- _Problem requirements_
Beneath this line sits some data. Return only its lines from the one holding "Nhà Phố ngay" through the one holding "Allerlekkerst: zo maak", inclusive, exactly, with the images removed.

- _Data supplied_
────────────────────

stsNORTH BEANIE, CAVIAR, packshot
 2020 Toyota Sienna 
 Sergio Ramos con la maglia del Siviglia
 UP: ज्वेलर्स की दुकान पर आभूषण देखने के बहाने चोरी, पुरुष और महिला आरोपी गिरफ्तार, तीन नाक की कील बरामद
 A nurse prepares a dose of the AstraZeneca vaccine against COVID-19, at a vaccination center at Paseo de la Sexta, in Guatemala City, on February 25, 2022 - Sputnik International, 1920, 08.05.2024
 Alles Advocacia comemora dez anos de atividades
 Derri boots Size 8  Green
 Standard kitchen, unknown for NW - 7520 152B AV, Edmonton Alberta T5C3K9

────────────────────

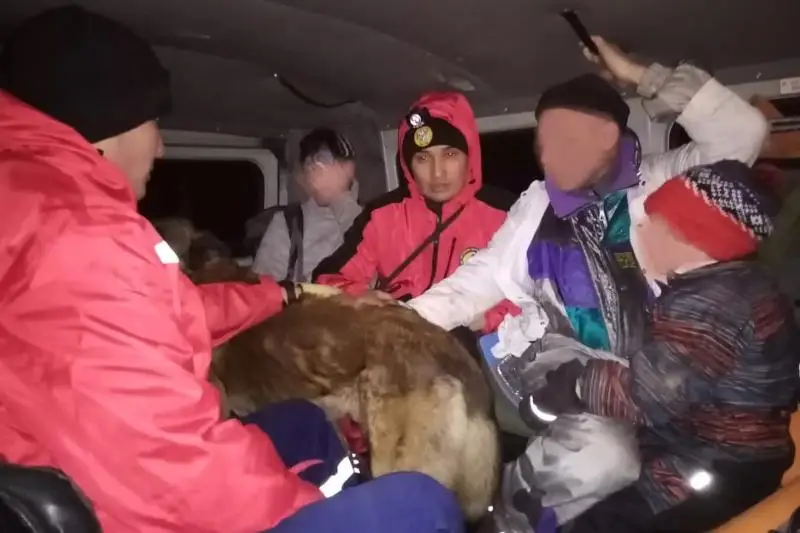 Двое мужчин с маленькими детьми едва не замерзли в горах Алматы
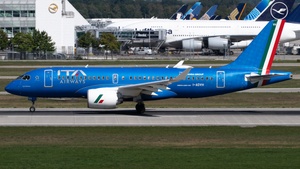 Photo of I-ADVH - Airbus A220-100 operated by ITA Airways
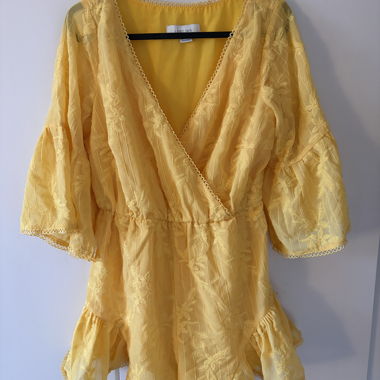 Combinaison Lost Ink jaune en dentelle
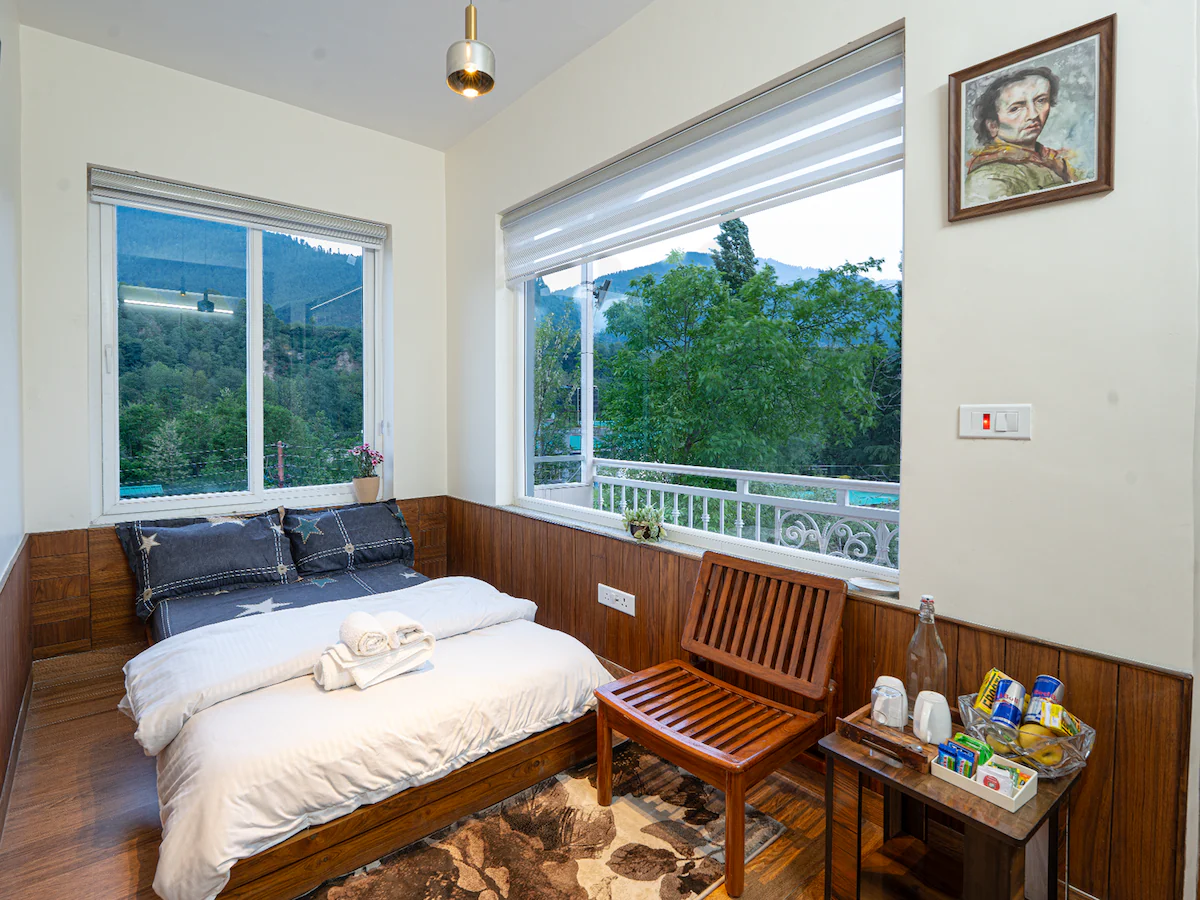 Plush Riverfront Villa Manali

────────────────────

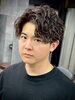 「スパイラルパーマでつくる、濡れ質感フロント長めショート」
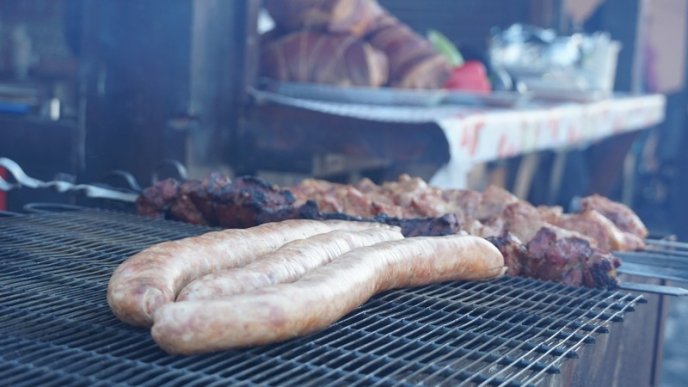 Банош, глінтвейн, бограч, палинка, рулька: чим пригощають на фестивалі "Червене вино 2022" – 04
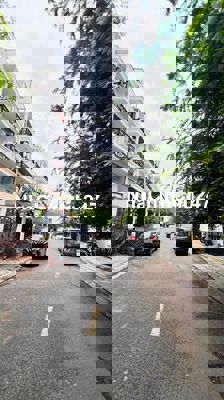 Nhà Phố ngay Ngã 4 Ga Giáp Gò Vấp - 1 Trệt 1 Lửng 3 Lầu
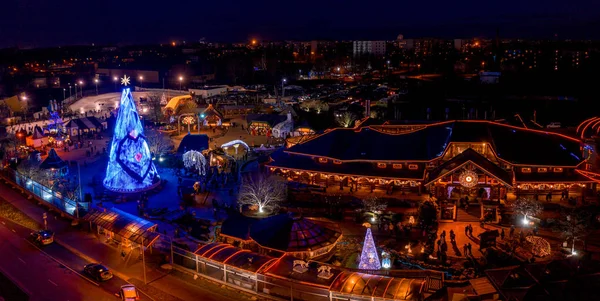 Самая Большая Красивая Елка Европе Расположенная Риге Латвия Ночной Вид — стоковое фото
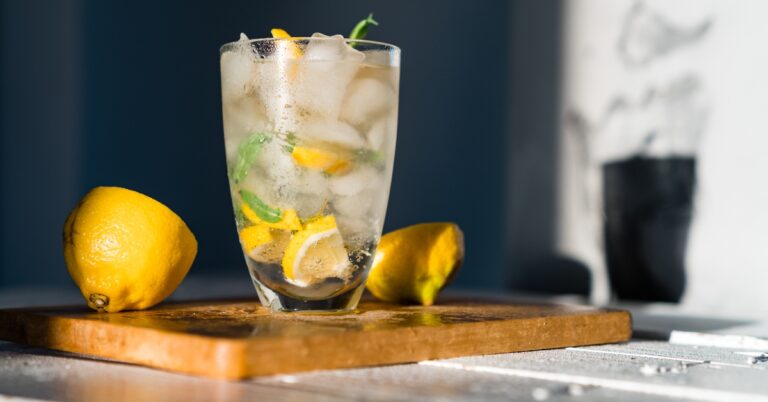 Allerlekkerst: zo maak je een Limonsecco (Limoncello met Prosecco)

────────────────────

- _Your response_
 Nhà Phố ngay Ngã 4 Ga Giáp Gò Vấp - 1 Trệt 1 Lửng 3 Lầu
 Самая Большая Красивая Елка Европе Расположенная Риге Латвия Ночной Вид — стоковое фото
 Allerlekkerst: zo maak je een Limonsecco (Limoncello met Prosecco)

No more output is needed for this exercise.